Wing Structure Strength

Wing structure is always a concern when an airplane breaks up in flight. Often a breakup is preceded by a loss of control and substantial increase in airspeed. An inadvertent increase in airspeed makes structural overload and breakup of an airplane much more likely.

None of the accidents described above appear to have involved excessive speed, a loss of control, or severe weather conditions. The review of design and certification data for these airplanes indicates that the assumed aerodynamic loading of the wings was reasonable, and the designer provided evidence that the airplane wing structure successfully underwent structural tests in excess of the certification requirements. Additionally, CZAW performed 14 structural tests of the Zodiac CH-601XL airplane structure, based on its own load analysis.10 However, 1 of the 14 tests indicated that the strength of the wings might be slightly below the ultimate load levels required to meet ASTM certification standards.

Thus far, the Safety Board’s review indicates that the wing structure can sustain loads in excess of the design limit loads (+4 Gs) but may fall short of the design ultimate load (+6 G) requirement by a small amount. At this time, Board engineers believe that the wing structure meets the intent of the certification requirements and that, absent flutter, it will not fail in normal flight up to limit load.

The Board does not believe the overall structural capability of the CH-601XL played a role in the in-flight breakups discussed in this letter. However, the Board is concerned that the Dutch investigative and certification authorities question whether Zodiac airplanes meet the structural certification requirements for ultimate load and anticipates that the FAA will consult with them to understand the differences in their evaluations of the structural capability of the Zodiac CH-601XL.

Aerodynamic Flutter

Aerodynamic flutter is a type of dynamic aeroelasticity that occurs when aerodynamic and structural forces interact in such a way that energy from the airflow around an airplane gives rise to an unsafe structural vibration in the airplane. These vibrations can quickly lead to structural failure if not sufficiently damped. Bending stiffness, torsional stiffness, and the mass of the wing and aileron define the natural frequency of the structure and the critical speed at which flutter may develop. Whether wing or aileron flutter develops and continues also depends on the mass distribution of the ailerons. Mass-balanced11 ailerons greatly decrease susceptibility to flutter as they are less likely to deflect because of dynamic bending or twisting of the wing.  

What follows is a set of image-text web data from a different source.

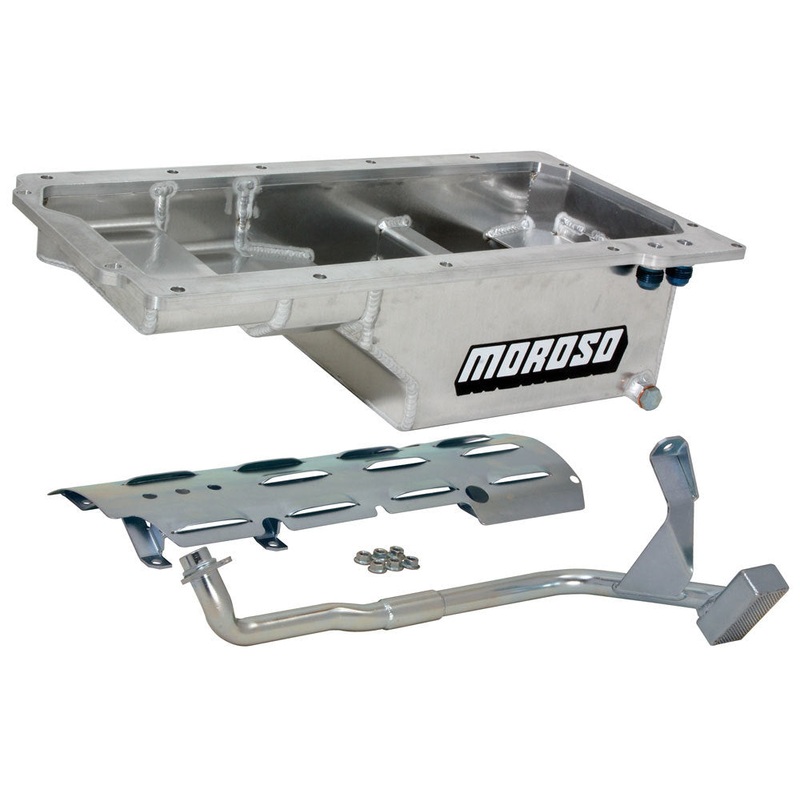 Moroso LS1 Billet Rail Oil Pan Kit w/Tray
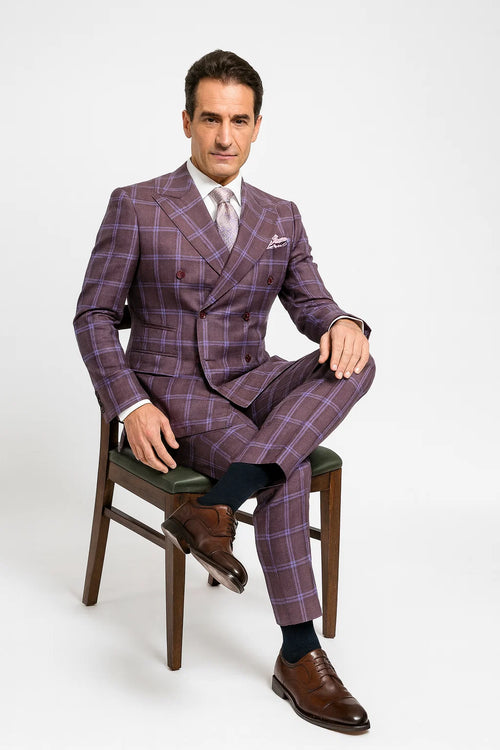 rossiman-plaid-suit-textured-windowpane-pattern-in-gray-and-lavender-double-breasted-design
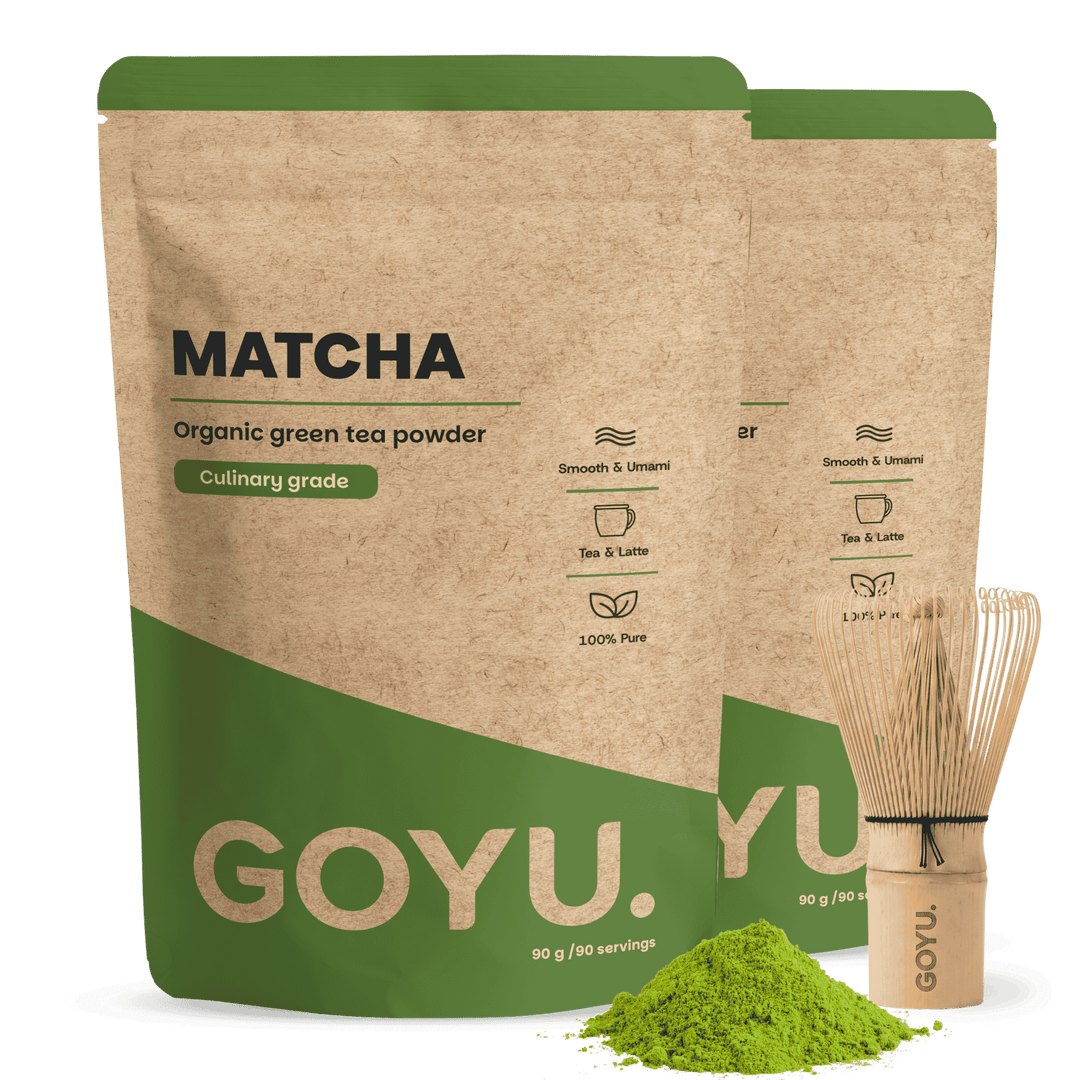 Matcha Klopper Whisk Cupplement Superfood Supplement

The Safety Board notes that, unlike S-LSA, normal, utility, acrobatic and commuter category airplanes are certified under the provisions of 14 CFR 23.629 and Advisory Circular (AC) 23.629-1B, “Means of Compliance with 14 CFR 23.629, Flutter” and typically incorporate a combination of structural stiffness and mass-balanced flight controls. 

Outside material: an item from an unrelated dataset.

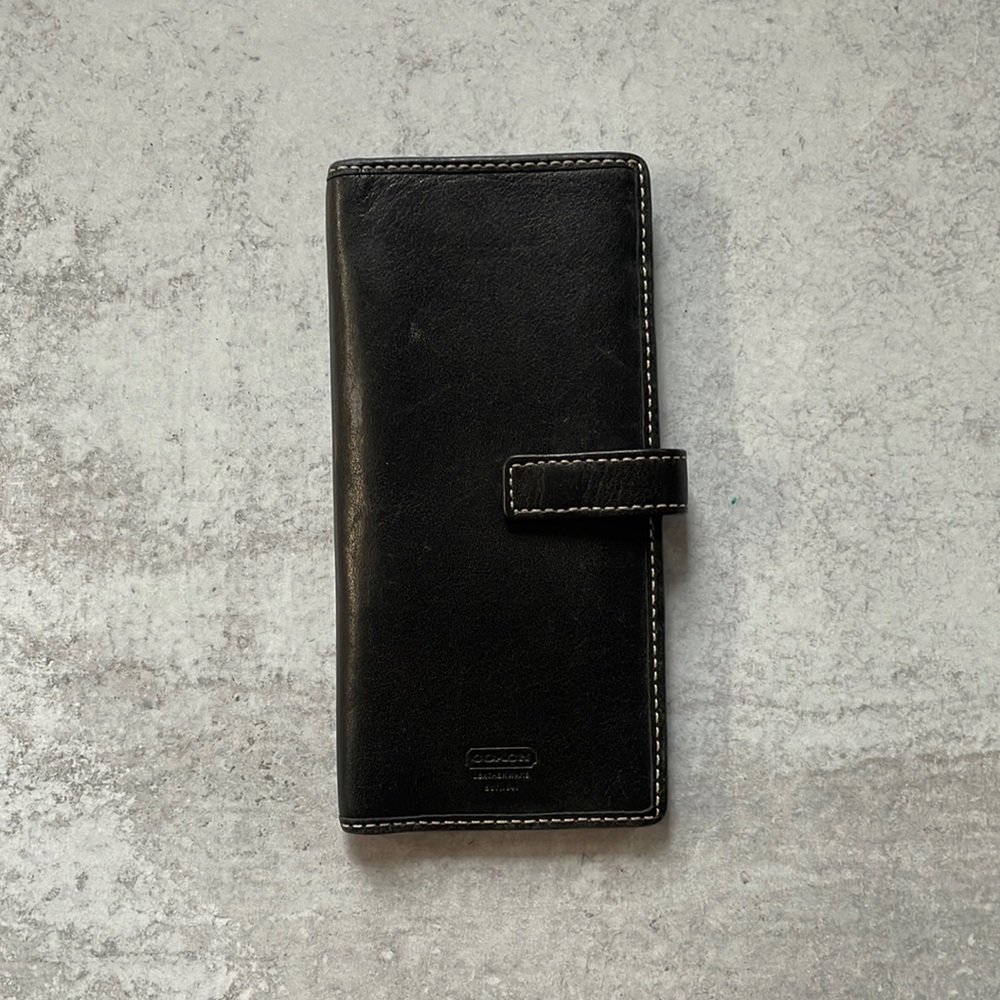 Black Coach Wallet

10 The Czech aeronautical authorities and a representative of Deutscher Aeroclub E.V. oversaw the tests. 11 A flight control pivots about its hinge line (or flexure point for hingeless ailerons), and the structure and mass are generally aft of the hinge line. For mass balancing, mass is added in front of the hinge line to balance the flight control.

CH-601XL Susceptibility to Flutter As noted above, S-LSA are not required to meet the certification standards of Section 23.629. Nonetheless, many S-LSA designs do incorporate mass-balancing as an effective means of protection against flutter. The CH-601XL does not provide for mass-balanced ailerons and, instead, relies primarily on control cable tension as a protection from flutter. Tension in the control cables adds stiffness to the aileron system, provides for a higher natural frequency of the aileron/wing combination, and raises the airspeed at which flutter may occur. However, cable tension alone does not provide the more direct protection afforded by mass-balanced flight controls.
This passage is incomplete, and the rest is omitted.